* **PROVIDED DATA**:
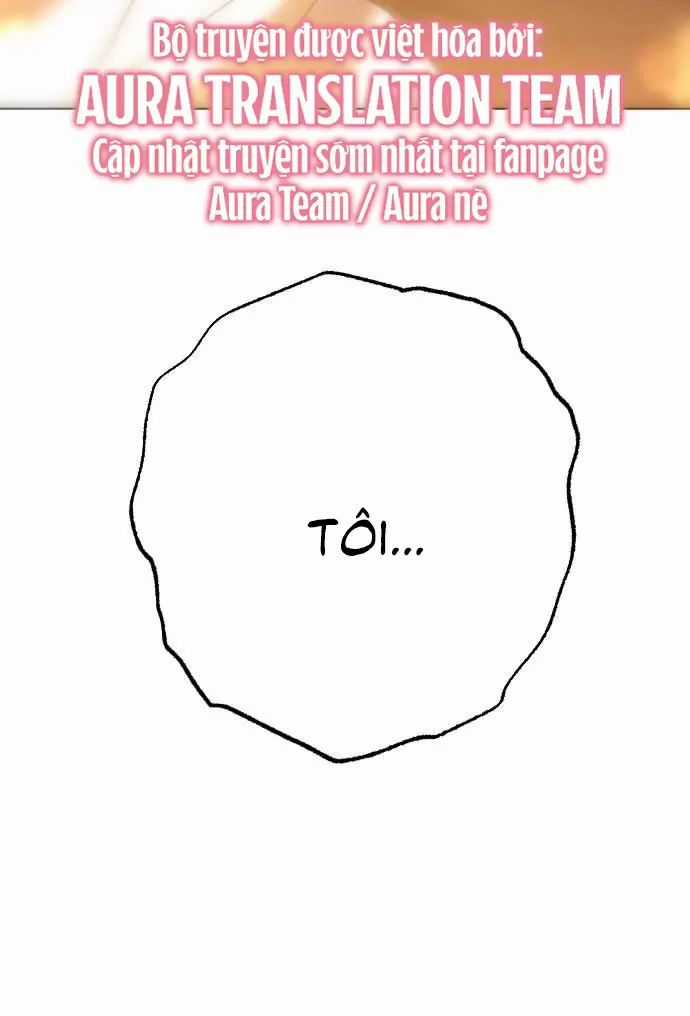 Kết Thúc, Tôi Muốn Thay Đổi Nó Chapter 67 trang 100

---

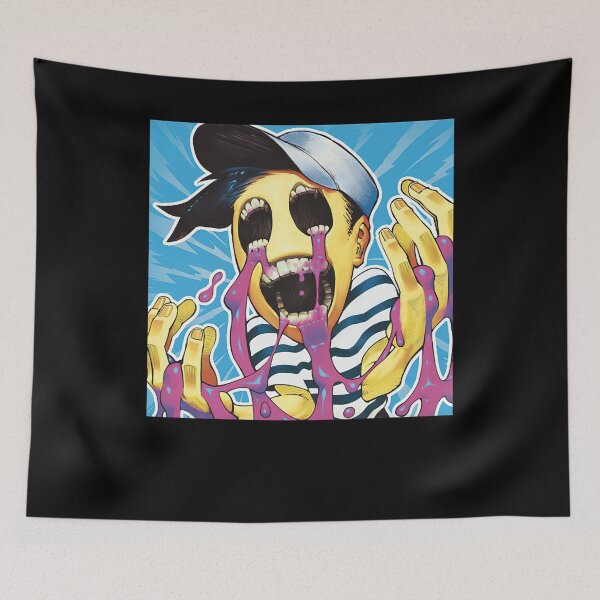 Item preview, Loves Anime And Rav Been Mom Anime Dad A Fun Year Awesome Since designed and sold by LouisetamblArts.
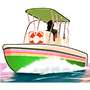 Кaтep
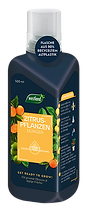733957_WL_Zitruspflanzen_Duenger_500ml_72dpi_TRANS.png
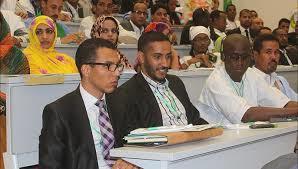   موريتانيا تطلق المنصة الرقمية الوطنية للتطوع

* **WHAT THE TASK ASKS**: Copy word for word the span of the records above that begins at the line with "Item preview, Loves" and ends at the line with "موريتانيا تطلق المنصة", including those two lines but not the pictures.

* **REPLY TO THE EXERCISE**:
 Item preview, Loves Anime And Rav Been Mom Anime Dad A Fun Year Awesome Since designed and sold by LouisetamblArts.
 Кaтep
733957_WL_Zitruspflanzen_Duenger_500ml_72dpi_TRANS.png
   موريتانيا تطلق المنصة الرقمية الوطنية للتطوع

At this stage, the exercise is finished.